Evaluate Postfix Expression Using Stack in DSA Python - Time & Space Complexity

We want to understand how the time taken to evaluate a postfix expression changes as the expression gets longer.

Specifically, how does the number of steps grow when we use a stack to solve this?

Analyze the time complexity of the following code snippet.

def evaluate_postfix(expression):
    stack = []
    for char in expression:
        if char.isdigit():
            stack.append(int(char))
        else:
            right = stack.pop()
            left = stack.pop()
            if char == '+':
                stack.append(left + right)
            elif char == '*':
                stack.append(left * right)
    return stack.pop()
    

This code evaluates a postfix expression with single-digit numbers and '+' or '*' operators using a stack.

Identify the loops, recursion, array traversals that repeat.

• Primary operation: Looping through each character in the expression once.
• How many times: Exactly once for each character in the input expression.

Each character in the expression is processed once, so the steps grow directly with the length of the expression.

Input Size (n)	Approx.
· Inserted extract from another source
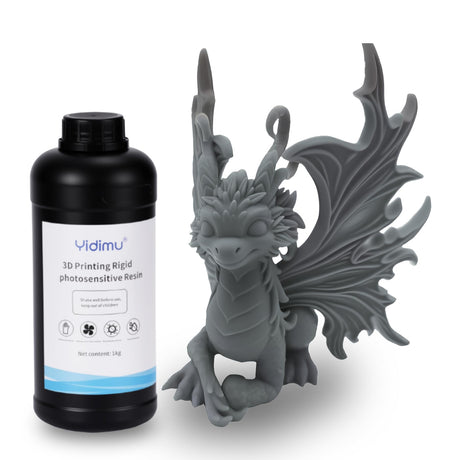 YIDIMU Standard Photopolymer 3D Printer Resin and Rapid 3D Resin for 8K 12K 14K 16K DLP LCD UV-Curing 405nm Resin with High Precision and Quick Curing & Excellent Fluidity (Grey) 1000g Yidimu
Operations
10	About 10 steps
100	About 100 steps
1000	About 1000 steps

Pattern observation: The number of operations increases in a straight line as the input size grows.

Time Complexity: O(n)

This means the time to evaluate grows directly in proportion to the length of the postfix expression.

[X] Wrong: "Evaluating postfix expressions takes more than linear time because of the stack operations."

[OK] Correct: Each character is handled once, and stack operations (push/pop) are very fast and happen only once per character, so overall time stays linear.

Understanding this linear time behavior helps you explain how stacks efficiently solve expression evaluation problems, a common topic in interviews.

"What if the expression contained multi-digit numbers separated by spaces? How would the time complexity change?"